Date of Birth: 01.01.1862
Country: Russia |
Content:
- Early Life and Education
- Monastic Life and Priestly Service
- Political and Religious Turmoil
- Later Life and Imprisonment
- Release and Fate
Early Life and Education
Venjamin, born Venjamin Fyodorovich Frolov around 1862 or 1864 in the village of Ichkinskoye, Perm Governorate, came from a peasant family. He completed primary education and became a church choir singer in 1886.
Monastic Life and Priestly Service
In 1892, Venjamin moved to Perm, where he was tonsured into monasticism and ordained a hierodeacon and later a hieromonk. In 1904, he became the abbot of the Nativity of the Theotokos Chuvash Monastery and was elevated to the rank of igumen. During his tenure, he engaged in missionary work among the Chuvash people and oversaw the construction of a stone church in the monastery. In 1915, he became the dean of monasteries in the second district of the Perm diocese and was elevated to the rank of archimandrite.
Political and Religious Turmoil
After the 1917 Revolution, Venjamin was dismissed from his monastic post and resided there as a pensioner. Following the looting of the monastery, he lived in the St. George Women's Monastery in the Birsk district (1918-1923). In 1923, he was secretly consecrated by Orthodox bishops, including Bishop Andrei (Ukhtomsky), as Bishop of Baikino, Vicar of the Ufa diocese.
Venjamin actively opposed the Renovationist movement, ordained priests from among the peasantry, and issued appeals to the faithful. He disapproved of the subsequent secret episcopal consecrations for the Ufa diocese performed by Bishop Andrei (Ukhtomsky) in 1926.
Later Life and Imprisonment
In 1926, Venjamin retired to the St. George Monastery, which had been transformed into a collective farm.

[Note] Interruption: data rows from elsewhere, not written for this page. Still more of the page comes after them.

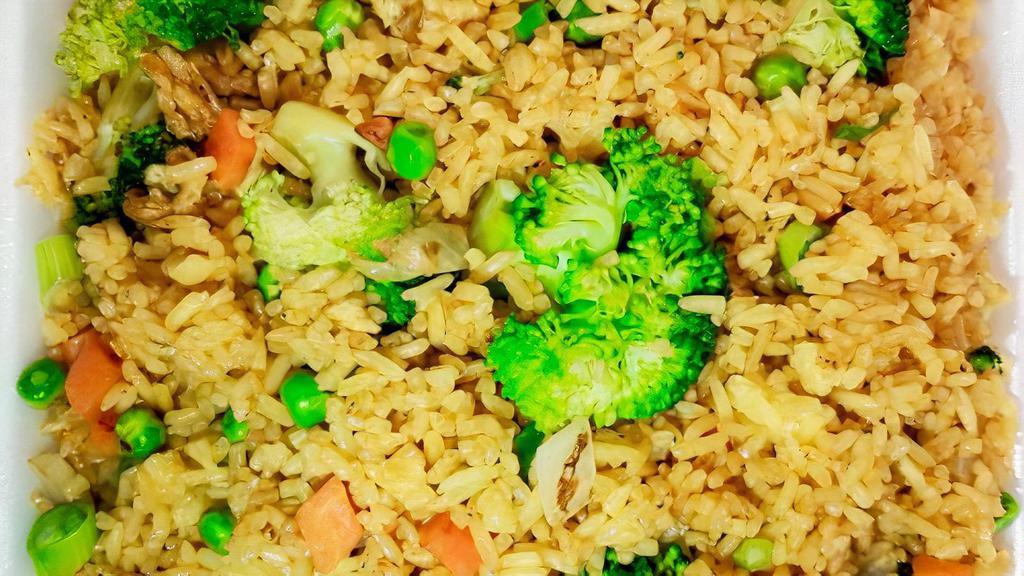 Vegetable Fried Rice · Includes onions, peas, carrots, bok choy, and beansprouts.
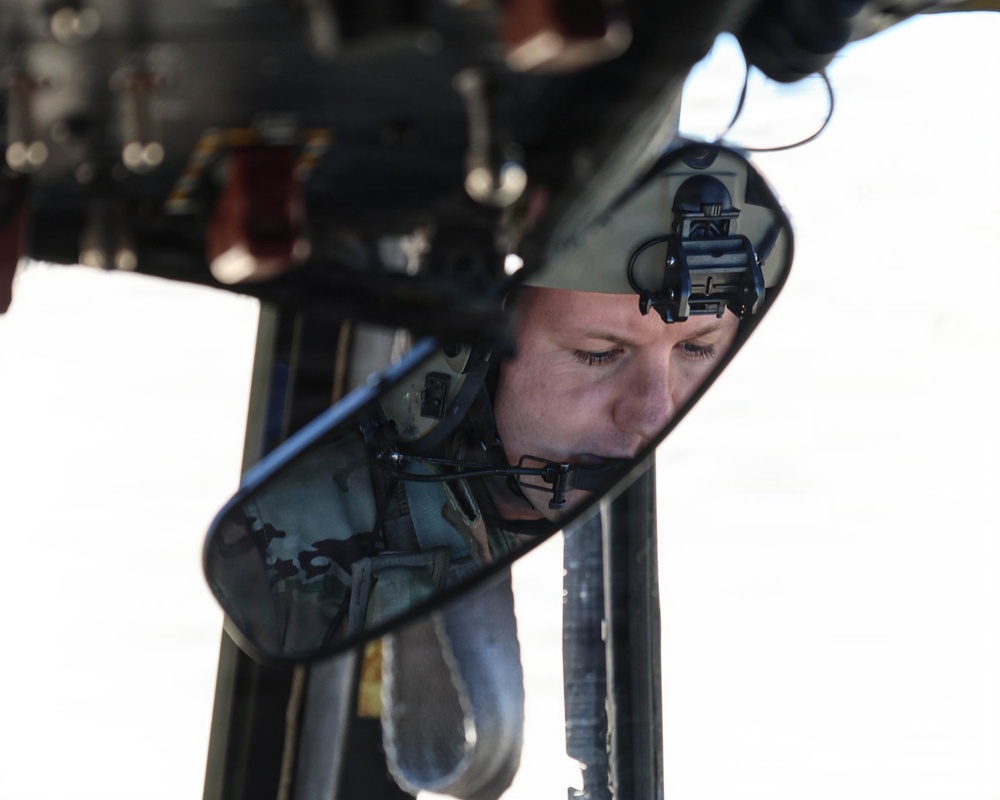 82nd Airborne CH-47 Chinook Pilot Prepares to Conduct Combined Arms Field Exercise with SOF Civil Affairs
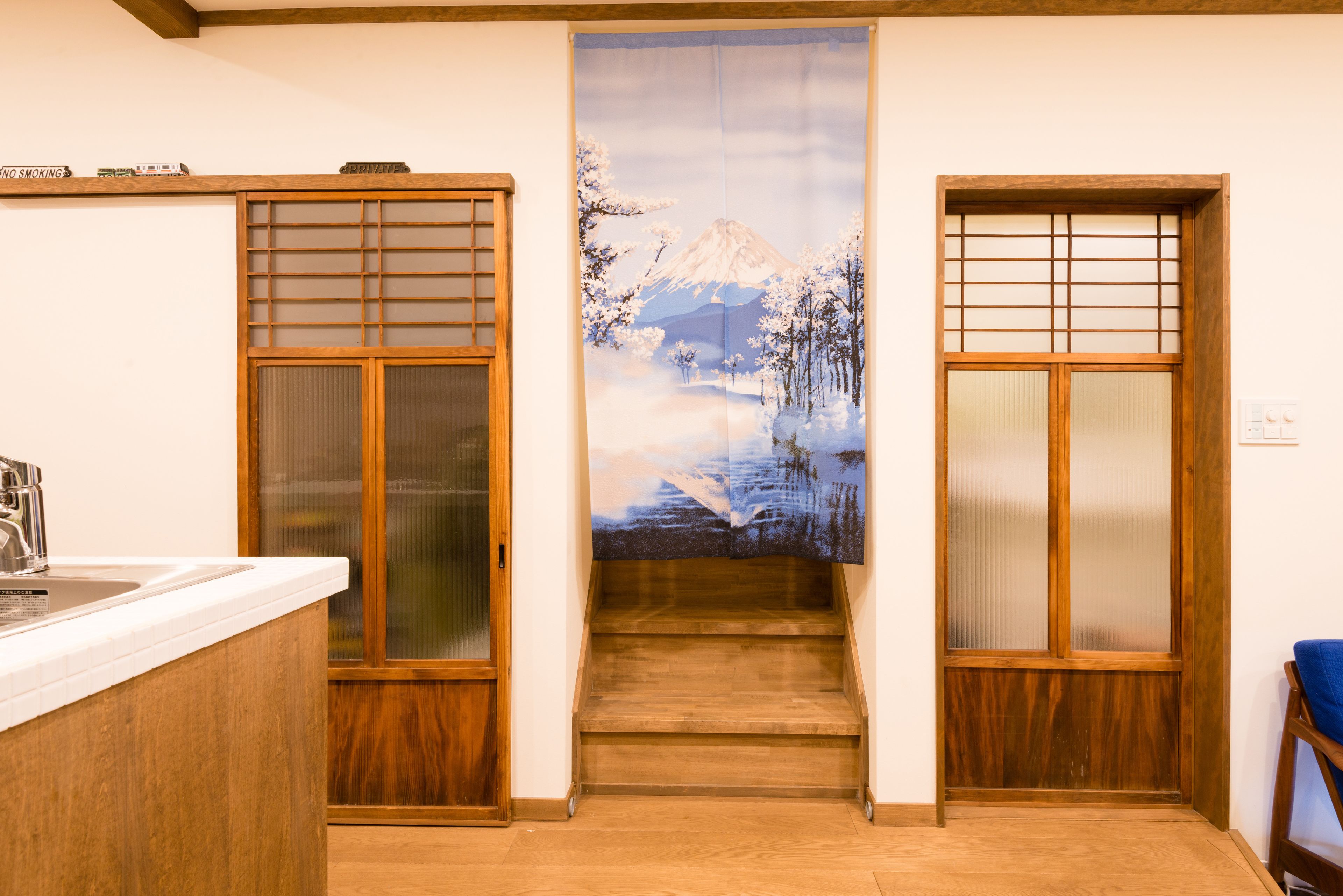 Une chambre d’hôtel avec une porte coulissante donnant sur un escalier, un lavabo avec un robinet et un plancher en bois.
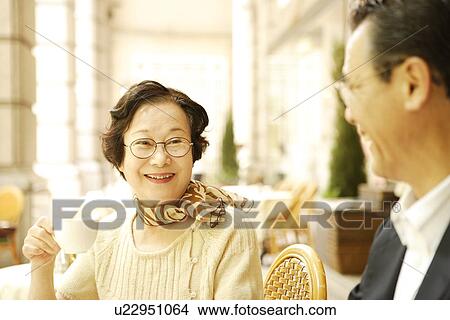 Senior couple sitting at table in cafe, smiling View Large Photo Image Picture - Senior couple sitting at table in cafe, smiling. Fotosearch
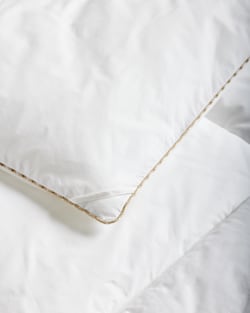 CLOSE UP VIEW OF DOWN ALTERNATIVE COMFORTER IN WHITE image number 3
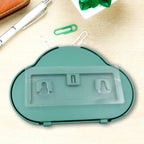 The back of a teal cloud-shaped phone holder with clear adhesive strips and hooks, on a desk.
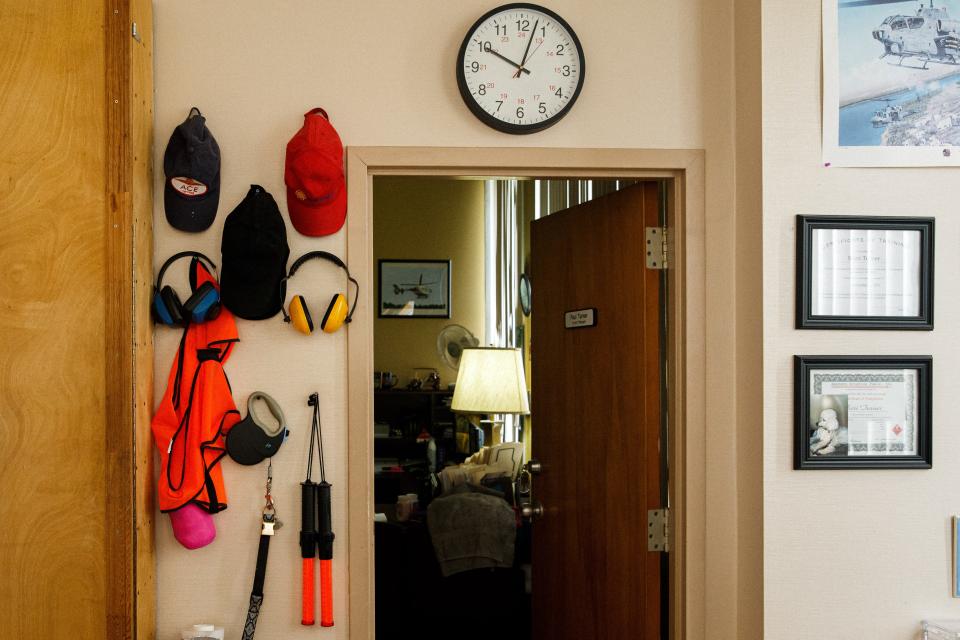 Safety gear hangs on the wall next to manager Paul Turner's office at the Maury County Airport in Mount Pleasant, Tenn. on Wednesday, June 14, 2023.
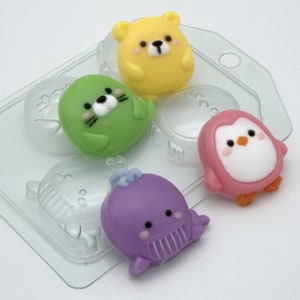 Op de afbeelding: Een transparante plastic mal met vier holtes voor het maken van kleine dierensaponnen. De mal is gevuld met vier afgewerkte zepen: een gele beer, een groene zeehond, een roze pinguïn en een paarse walvis.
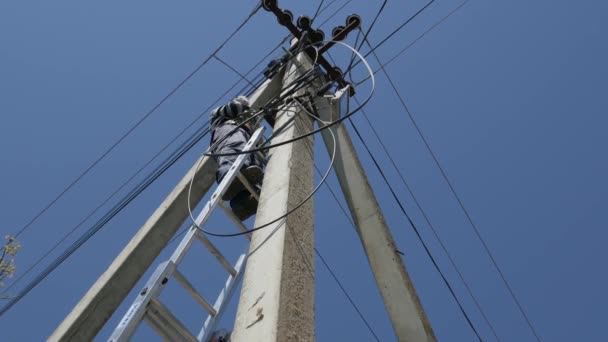 Trabalho de eletricidade, homem reparos poste elétrico vestindo todo o equipamento de segurança — Vídeo de Stock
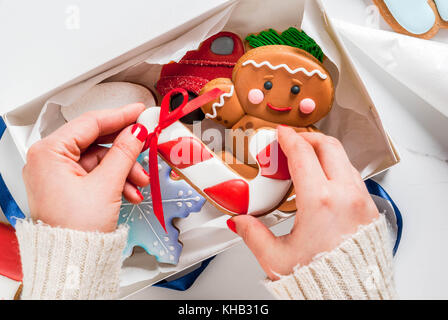 Preparazione per il natale, la decorazione tradizionale di pan di zenzero con zucchero multicolore smalto, la ragazza si ripiega i biscotti in una scatola regalo bianca, con nastro Foto Stock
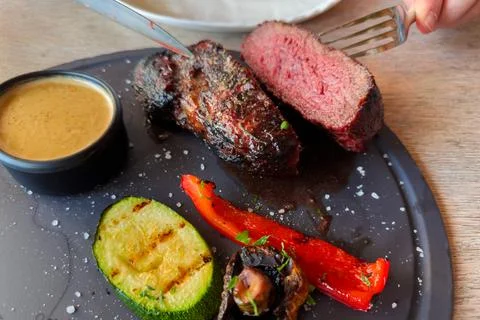 Halved Medium Rare beef steak with grilled vegetables on dish Stock Photos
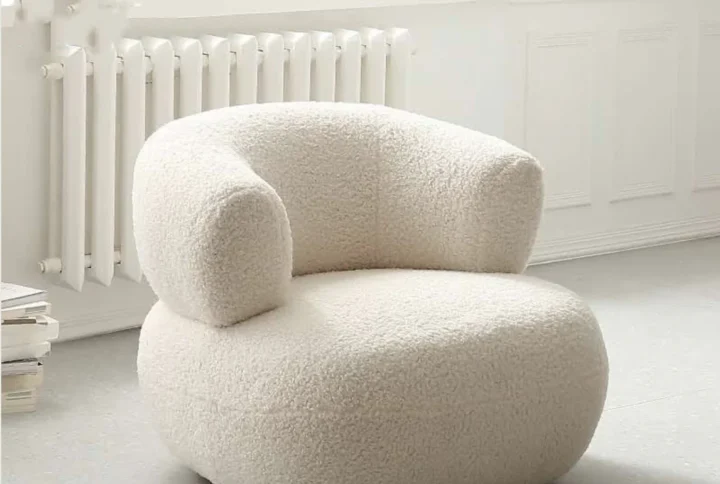 Reya Bouclé Armchair with wooden frame and plush bouclé upholstery styled in modern living room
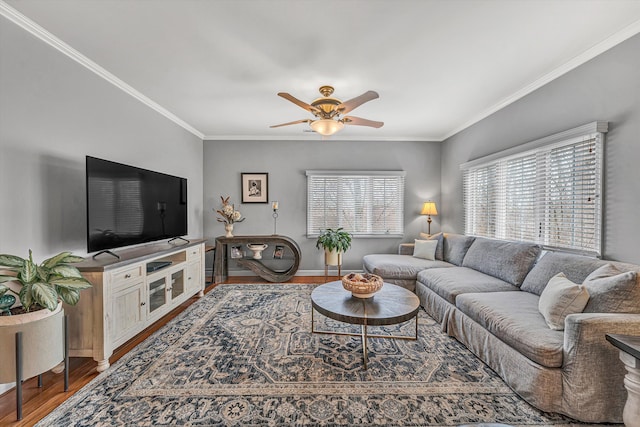 living room with wood finished floors, a ceiling fan, and ornamental molding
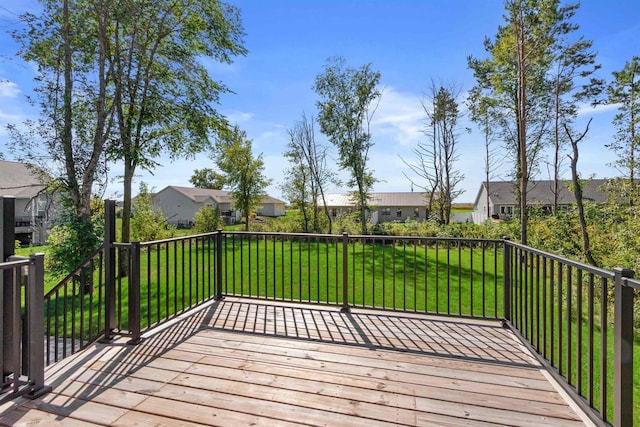 wooden terrace featuring a yard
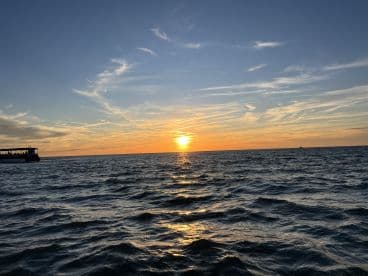 A stunning sunset over the ocean with a boat silhouetted against the vibrant sky, capturing the essence of a perfect evening on the water.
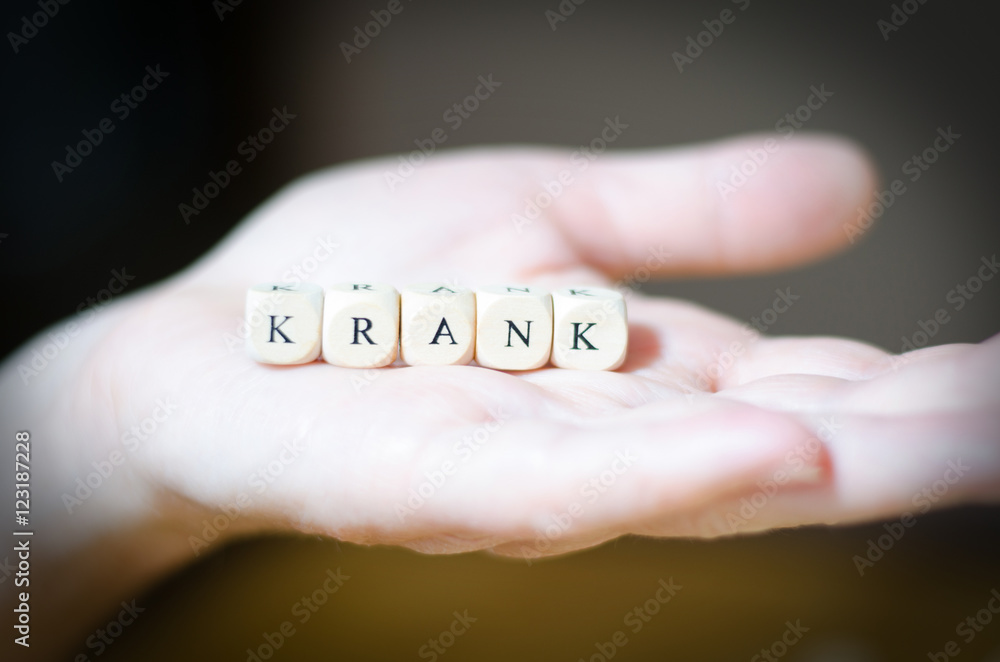 Krank, symbolisch, Würfel auf der Hand Krank, symbolisch, Würfel auf der Hand
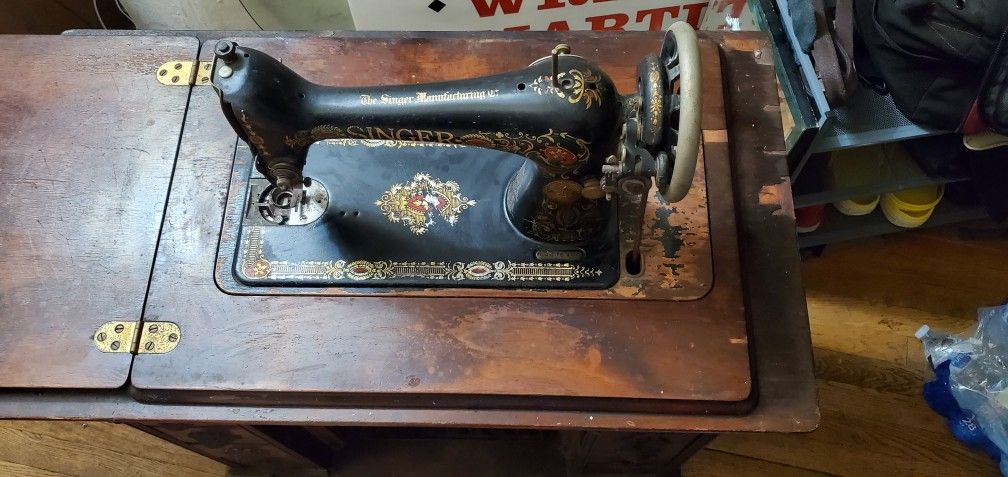 vintage singer mechanical machine.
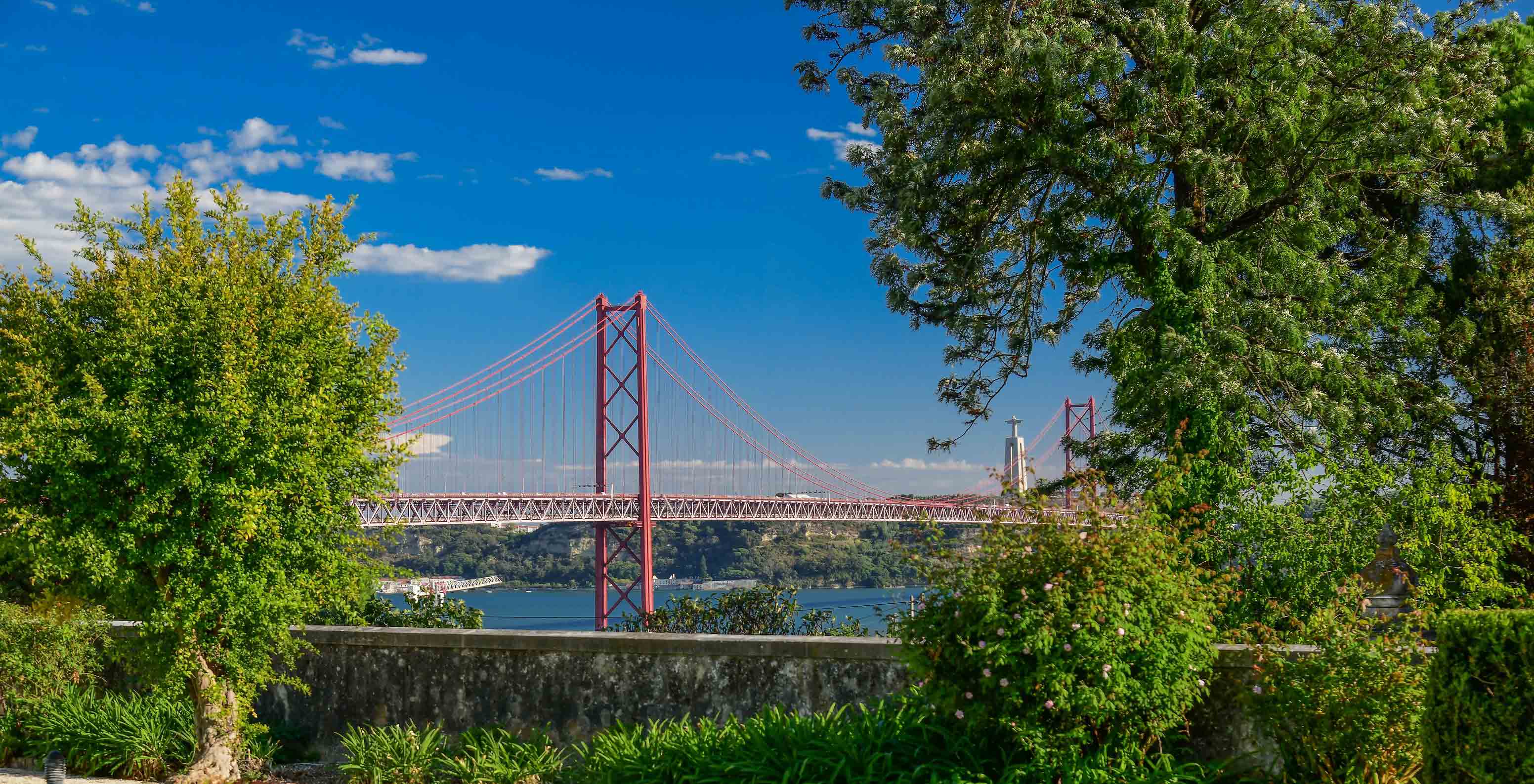 Vista do Pestana Palace Lisboa para a ponte 25 de Abril e para o Rio Tejo, com várias árvores pelo meio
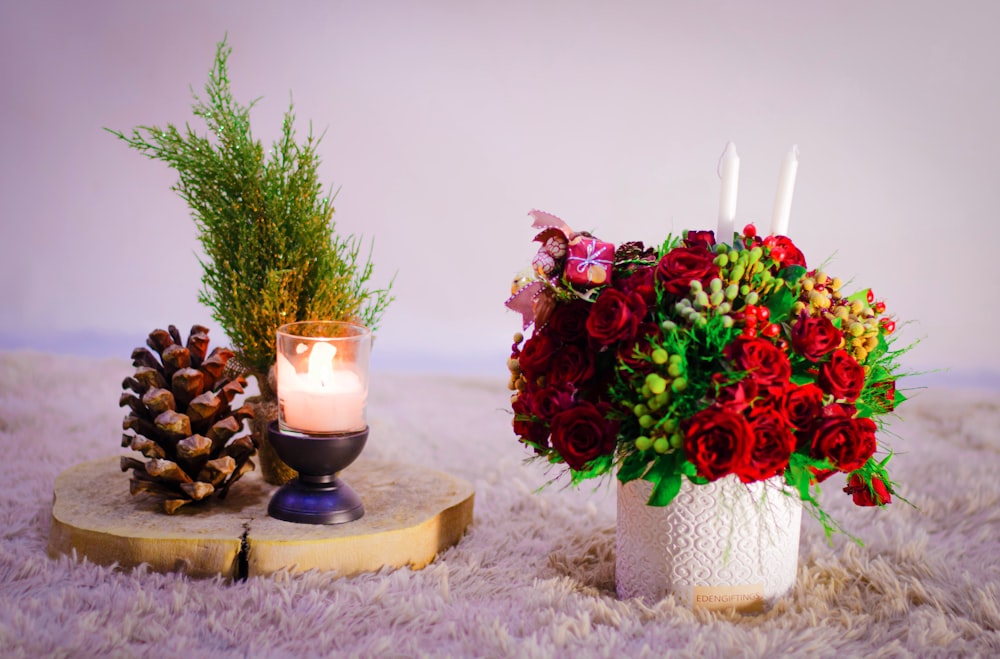 a couple of candles and flowers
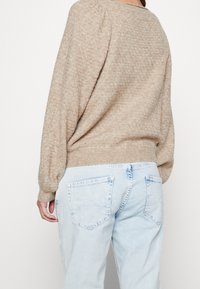 Eine Person trägt einen lockeren beige Strickpullover und leichte blaue Jeans, von hinten vor einem schlichten Hintergrund gezeigt.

From 1928, he lived in the village of Baiki and occasionally served at the local church.
On November 14, 1929, he was arrested on charges of promoting religious sentiments among the peasantry and disrupting collectivization. Despite denying the accusations, he was sentenced by the OGPU troika in the Bashkir Autonomous Soviet Socialist Republic to five years in labor camps, later commuted to exile in the Northern Territory.
Release and Fate
Venjamin was released early on April 7, 1934, due to disability. However, there is no reliable information about his subsequent life. A report by Metropolitan Manuel (Lemeshevsky) that Bishop Venjamin was still alive in Yakutia in 1956 is considered apocryphal.